2. What was the original Endowment, and what is the present amount of it? ... and from the replies
he assembled his A Concise Description of the Endowed Grammar Schools in England and Wales which was
published in 1818.
BOSBURY, near Ledbury.
THE GRAMMAR SCHOOL at BOSBURY is supposed to have been founded by Sir ROWLAND MORTON who
is said to have possessed “The Grange Estate” in this Parish, but at what period has
not been ascertained; though it must have been prior to the reign of Queen ELIZABETH, as
Her Majesty endowed the School with £8..4..2.. per annum, which is charged upon the
Manor of Wormbridge, in the County of Hereford, and is now paid by The Kings Receiver of
FeeFarm Rents to the Master.
Sir Rowland Morton is
also said to have built a neat stone-roofed Chapel at the South Aisle of the
Church, adjoining the Chancel, where his Coat of Arms appears upon the inside
of the roof in different places.
The present Endowment consists of about Thirty-two acres of
land, and Eight cottages, dispersed all over the Parish of Bosbury: The
management of which, as well as the appointment of the Master, is vested in Twelve Trustees.

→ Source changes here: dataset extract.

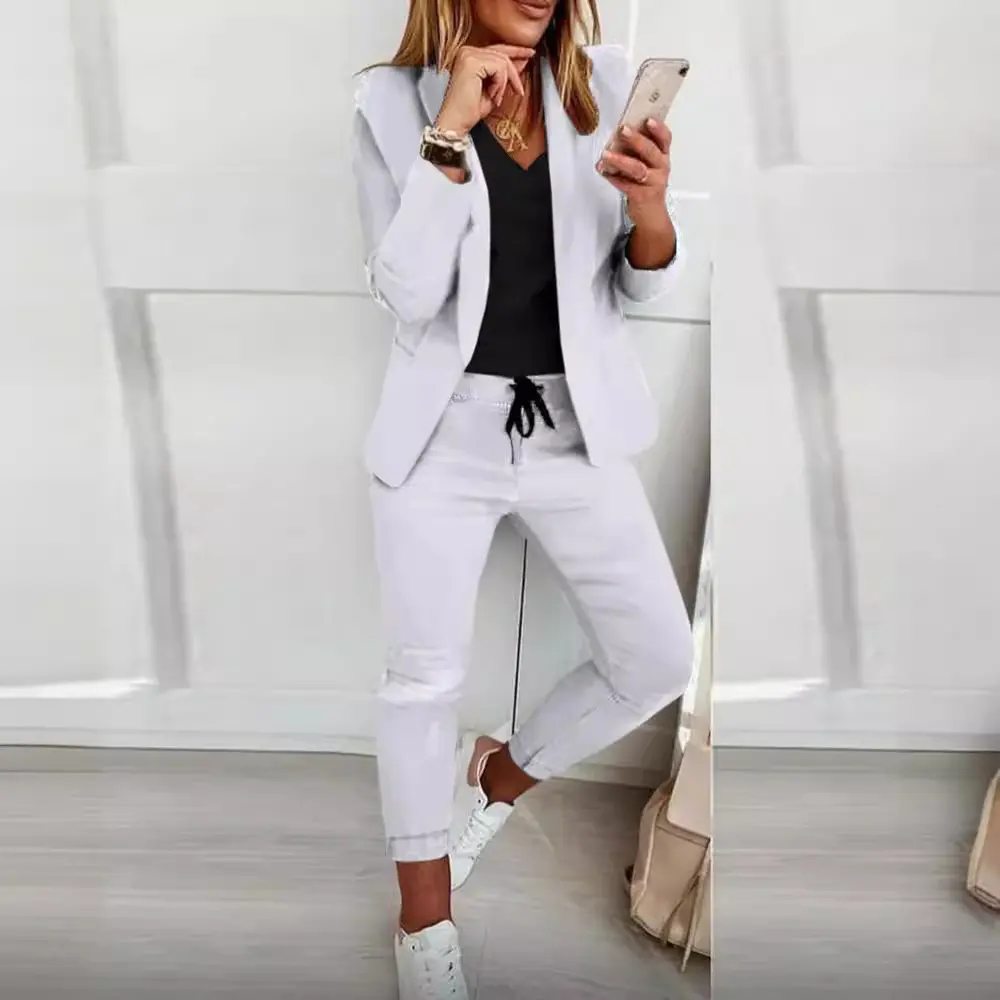 Women Pant Sets Cardigan Turn Down Collar Outerwear Ankle Length Pencil Pants Two Pieces Drawstring Pockets Office Lady Slim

About Twenty years since, the Trustees elected as Master of
the School, an illiterate man who had never learned or knew a single word of
the Latin or Greek languages; although the former Masters had always been Clergymen
of the Church of England. Some of the Trustees who resided in the
Parish, it is said, had got possession of considerable portions of the land contiguous
to their own estates, at a very inferior rent.

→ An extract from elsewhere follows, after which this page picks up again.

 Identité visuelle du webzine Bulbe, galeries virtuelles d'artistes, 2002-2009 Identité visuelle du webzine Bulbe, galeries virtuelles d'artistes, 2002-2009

The Master’s house, which he now occupies, had not
been in the possession of the Masters for the last Thirty years, until
the present Gentleman came; the House, together with a valuable Orchard, and
other lands about an acre and an half worth from £12. to £14. per annum, having
been lett for the greater part of that time “to a near Relation of one
of the Trustees at £3. per annum”.! while the Masters of the
School were obliged to lodge where they could, some, at the distance of four
It is also supposed that several pieces of land, originally
belonging to the School, Have Been Lost,
“by levelling the boundaries, and thereby mixing them with
Upon these accounts, the late Vicar of Bosbury, and some of
the Inhabitants of the Parish, laudably instituted a suit in Chancery against
the Trustees, to compel them to elect a Clergyman and Grammar Master, and also
to relinquish such lands as they had in their hands, and to lett
them at their full value. The present Lord Chancellor has decreed, “that the
said School is a Grammar School,” and thereupon the Master has been appointed,
but the other points are not yet determined.

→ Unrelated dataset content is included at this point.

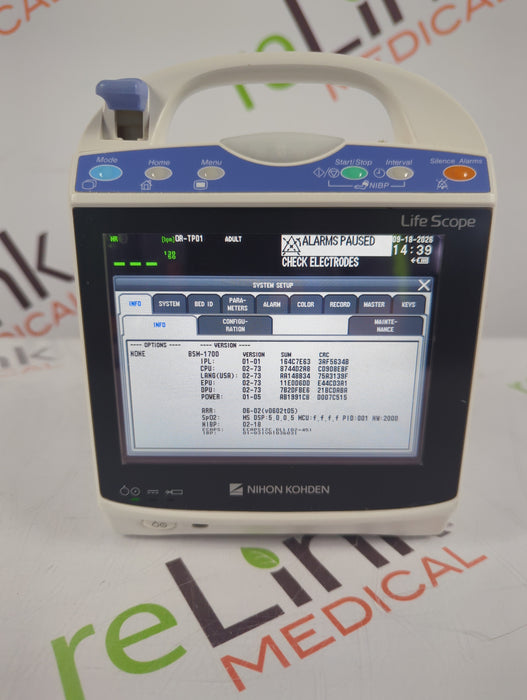 Nihon Kohden BSM-1733 Life Scope PT Transport Patient Monitor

All the boys of this Parish, as soon as they begin to learn
the Latin language, are taught free of expense. Since the present Master
was elected, in 1815, he has also most benevolently taken Ten boys whom
he instructs in reading, writing, and arithmetic gratuitously, although
he does not consider himself bound to do so. About ten or fifteen other boys
are usually educated at this School.
Children are admitted at about ten years of age, and
there is no prescribed time of superannuation. The Master nominates. There is
no particular form of Admission.
The Eton Latin
and Greek Grammars are used; and the system of Education is upon the Eton plan.
In 1676, Richard Reed,
Esq., of Lugwardine, founded an Exhibition
of £4. per annum at Brasen-Nose College, Oxford, for the
maintenance of one Scholar of his Posterity, or for a Scholar from the School
of Bosbury, or from the Free School of the City of Hereford, being natives of
the County of Hereford.
The present Master is, The Revd. Thomas Lewes, whose Salary is from Sixty to Seventy pounds per
annum, but capable of being raised to £120. or more. This Gentleman takes
Boarders; his terms being about £25. a year for each Pupil.
Many very respectable Characters have received their
Instruction at this School. The late Thomas
Loggen, Esq., of Basinghall Street, London, an eminent Solicitor, was
Mr. John Meakins, a
native of Bosbury, and educated at this School, by his Will, dated the 1st of
April, 1811, left £100. Sterling to the Minister and Church-wardens of Bosbury,
to be invested in one of the Government Funds in their names, and to receive
the interest and dividends for ever, to be applied as follows,10s. 6d. annually to each of such
boys in Bosbury School, as they shall consider the best Writer,the best Arithmetician,the
best Grammarian,and the best Composer in prose and verse,and the
residue thereof to such as they shall consider the most industrious Poor of the said Parish, and such as
they shall find most constant in their attendance on Divine Worship.